「ねえ、先輩、先輩」
「ん?」
「どっちのほうがいいと思いますか」

松田にそう問いかける鍵介が手にしていたのは、二枚の薄手のカーディガンだった。片方は紺で、もう片方は薄いグレー。鍵介の顔とカーディガンを交互に見遣って、彼がそれを身につけている様子を想像してみて、松田は少しだけ迷ってから紺色のほうを指さした。
「こっちのほうが、ぼくは好き、かな」
「なるほど」
紺のカーディガンをカゴに入れ、鍵介は満足げに頷く。
「僕もこれがいいと思ってました。やっぱり先輩とは気が合います」
「ほんとに?」
「ほんとですって」
選ばれなかったグレーのカーディガンを元の場所に戻し、くすくすと笑う。少し濃い色の服のほうが、彼の肌の白さがきっと映えると思ったから。
それからも、「先輩はどれが好きですか」と何度か尋ねられながら、彼に似合いそうなシャツを一枚とスニーカーを一足、じっくり選んだ。今度会うときはこれを着てきてくれるのかなあ、なんて思ったりして。
仮想世界のニセモノの身体のためにせっせと服を選ぶふたりの姿は、見る人によってはあまりに滑稽で、くだらないと鼻で笑われてしまうかもしれないけれど。それでも鍵介が周りにより良く見られたいと思う気持ちを馬鹿にすることなんて誰にも出来ないし、より良く見せたいと思う対象に自分が含まれているのだから、それは嬉しいことだと松田は思っている。買い物カゴを鍵介から預かって、にこりと微笑んだ。
「楽しいね、こういうの」
「……よかった」
その時、口元を緩ませる鍵介の後ろを真っ黒な人影がすう、と横切った。不気味なその姿に、どき、と思わず心臓が跳ねる。
店内では、男か女かも分からない、モザイクに塗り潰された人間が通路を忙しなく行き来していた。
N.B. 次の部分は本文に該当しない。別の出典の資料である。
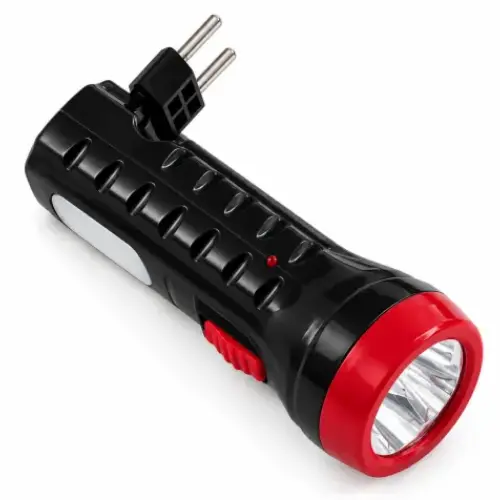 картинка Фонарик с аккумулятором и вилкой Tiross TS3027 LED (60489)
入口近くの棚に新作のTシャツを並べて、時折開く自動ドアに向かって、ざらついたノイズを被せられた声で「いらっしゃいませ」を繰り返している。
しかし、ここが現実ではないことを知らない客たちは、異様な姿をした店員のことなど誰ひとりとして気にしていない。スピーカーからは、恋人と過ごす時間の甘さを歌うバーチャルアイドルの愛らしい歌声が、絶えず流れ続ける。小さな店の中で、当たり前の日常の弛緩した空気と、「気がついた者」の目にだけ映るこの世界の真実が、ぐちゃぐちゃに混ざり合っていた。継ぎ接ぎだらけの理想を寄せ集めた、作り物の楽園。ようやく慣れ始めてはきたけれど、やはり、何度見ても気味が悪いものだ。
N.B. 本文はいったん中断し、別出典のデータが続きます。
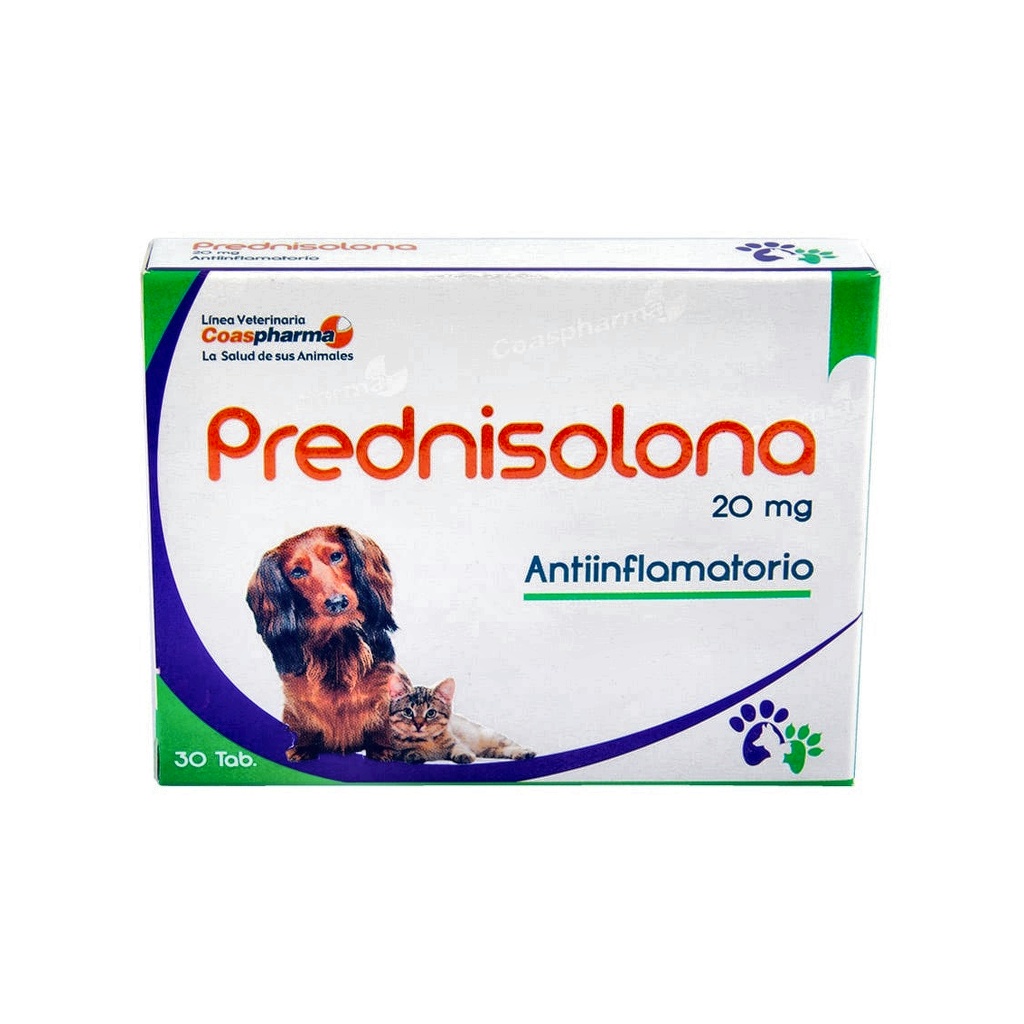 PREDNISOLONA 20 MG 30 TABLETAS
週にだいたい一度は、放課後に鍵介と街をぶらぶら歩き回る。映画を見たり、買い食いをしたり、今日のようにパピコで服を見て回ったり。以前から「息抜き」と称して続けられていたそれが「デート」に名前を変えたのは、つい最近のことだ。

「手、少しぞわぞわしちゃいました」
店を出た鍵介は、しきりに両の手のひらを擦り合わせている。やっぱりレジにいた店員も真っ黒のNPCで、会計を済ませておつりを手渡される際に触れた指先の、ざらざらした感触と温度のなさが不気味だったという。
「大丈夫?」
松田はさりげなく紙袋をもらって、そのままぎゅ、と鍵介の手を握る。鍵介は少しだけ面食らったようで、目の前の人通りを気にする素振りを見せたが、やがてはにかんでその手を握り返した。

「あったかいですね」

たいせつにしたいって、こういうことを言うんだなと、肌を触れ合わせる度にそう思う。すぐそこのカフェでもいい、次のフロアのファミレスでもいい、少し足を伸ばして駅前のファストフードでもいい。どちらかの家でもいい。ごはんを食べながら、楽しいことでも、怖いことでも、心配なことでも、なんだって話したいと思った。